Make an exact copy of the lines below.

● **DATA BLOCK**:
----
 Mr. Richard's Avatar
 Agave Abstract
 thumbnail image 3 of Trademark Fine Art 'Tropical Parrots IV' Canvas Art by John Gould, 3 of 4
----
● **OUTPUT OF THE EXERCISE**:
 Mr. Richard's Avatar
 Agave Abstract
 thumbnail image 3 of Trademark Fine Art 'Tropical Parrots IV' Canvas Art by John Gould, 3 of 4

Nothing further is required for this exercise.